Abainya masyarakat ini tak lepas dari ketidaktegasan pemerintah. Pemerintah seakan belum satu suara dalam mencegah dan menanggulangi Covid-19. Hal itu terbukti dengan kebijakan yang sering berubah dan tidak sinkron satu dengan yang lain. Maka ada guyonan di tengah masyarakat tentang Pembatasan Sosial Berskala Besar (PSBB). Masyarakat menyebutnya sebagai Peraturan Sering Berubah dan Berganti.

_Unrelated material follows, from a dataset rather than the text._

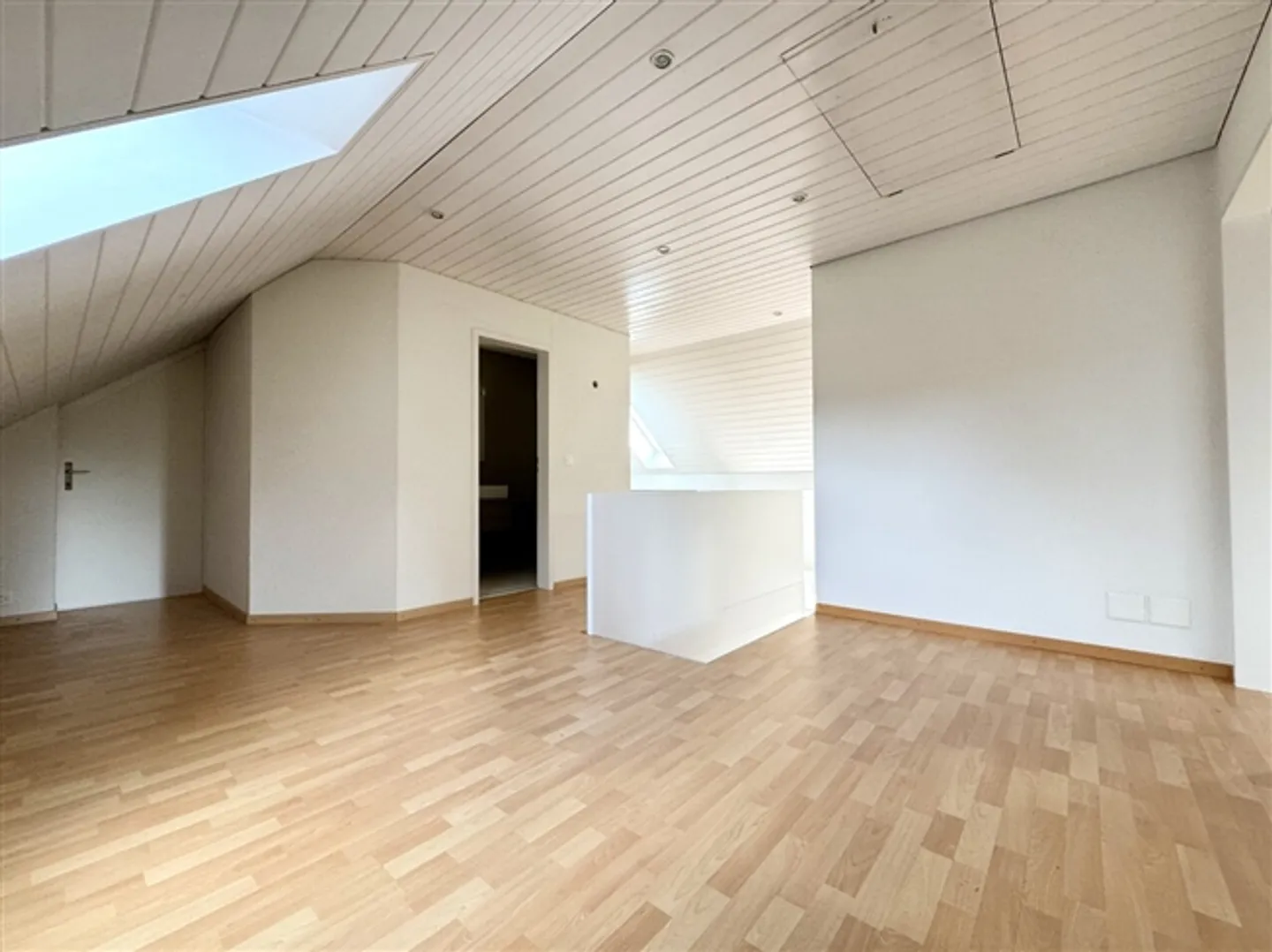 Central, calme, ensoleillé et au sommet - appartement familial avec style - Photo 15 sur 20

Kembali pada persoalan di atas, abainya masyarakat terkait seruan/himbauan PP Muhammadiyah menjadi bukti ketidaktaatan warga terhadap pimpinan. Ketidaktaatan itu tentu dapat menimbulkan masalah. Pasalnya, batas antara zona hijau dan zona merah itu sangat tipis. Zona hijau Covid-19 yang ditandai tidak adanya pasien suspect dan pasien dalam pantauan (PDP) Covid-19 bisa berubah dengan cepat menjadi zona merah. Hal ini dikarenakan, kita tidak dapat mendeteksi dengan cepat apakah orang yang ada didekat benar-benar sehat atau tidak.
Merepotkan Orang Lain
Sebagian masyarakat yang mengabaikan seruan PP Muhammadiyah untuk Salat Id di rumah seakan mempunyai banyak nyawa. Mereka masih bisa hidup di dunia lagi saat nanti sudah mati. Mereka pun seakan sudah mempunyai obat mujarab saat Covid-19 menyapa dirinya. Sehingga mereka tenang-tenang saja.
Ketidakpatuhan terhadap seruan PP Muhammadiyah pun dapat merepotkan orang lain. Pasalnya, saat sakit, tentu mereka tak bisa sendiri. Mereka harus datang ke rumah sakit, memeriksakan dan menyehatkan diri. Tentu kita tahu bahwa daya tampung rumah sakit terbatas. Sudah banyak tenaga kesehatan wafat karena merawat pasien Covid-19. Dan yang pasti biaya pengobatannya yang ditanggung pun akan meningkat.
Ketidaktaatan warga terhadap seruan PP Muhammadiyah pun dapat menjadi pemantik tumbuhnya klaster baru Covid-19. Cukuplah klaster tempat perbelanjaan sebagaimana terjadi di Sleman, Yogyakarta. Cukuplah klaster pertemuan Gowa dan rumah ibadat di Bandung yang menjadi berita media.
Masyarakat Berkemajuan
Umat Islam umumnya dan warga Muhammadiyah selayaknya menjadi masyarakat cerdas dan berkemajuan. Artinya, warga Muhammadiyah adalah penganut ideologi berkemajuan. Mereka berpikir strategis demi kemaslahatan bersama.
Warga Muhammadiyah selalu memelihara akal warasnya daripada mengedepankan nafsu. Mereka taat beribadah dengan hasil ijtihad, bukan berdasarkan kebiasaan yang sudah lama dilakukan.
Seruan PP Muhammadiyah merupakan hasil ijtihad (baca: jihad) di tengah pandemi. Seruan itu bermuara pada pemeliharaan jiwa manusia (hifdz nafs). Menyelamatkan jiwa/nyawa merupakan hal pokok dalam agama. Namun, jika yang ingin diselamatkan tidak mau ya sudah.
Mungkin hidayah Allah belum sampai padanya. Mungkin fungsi puasa sebagai pengekang nafsu masih jauh dari mereka. Mungkin amaliyah Ramadan masih sekadar formalitas minus substansi.
Manusia taat hasil didikan Ramadan memang tidak banyak. Hanya mereka yang menikmati dan menjalankan ibadah Ramadan dengan iman dan penuh perhitungan saja (imanan wahtisaban).
Pada akhirnya, kepatuhan dan ketaatan warga Muhammadiyah terhadap aturan Persyarikatan memang sedang diuji saat ini. Siapa yang taat, insyaalah, Allah menolong dan menyelamatkan mereka. Dan warga Muhammadiyah yang tidak taat, semoga Allah mengampuni dan memberi hidayah kepada mereka. Wallahu a'lam.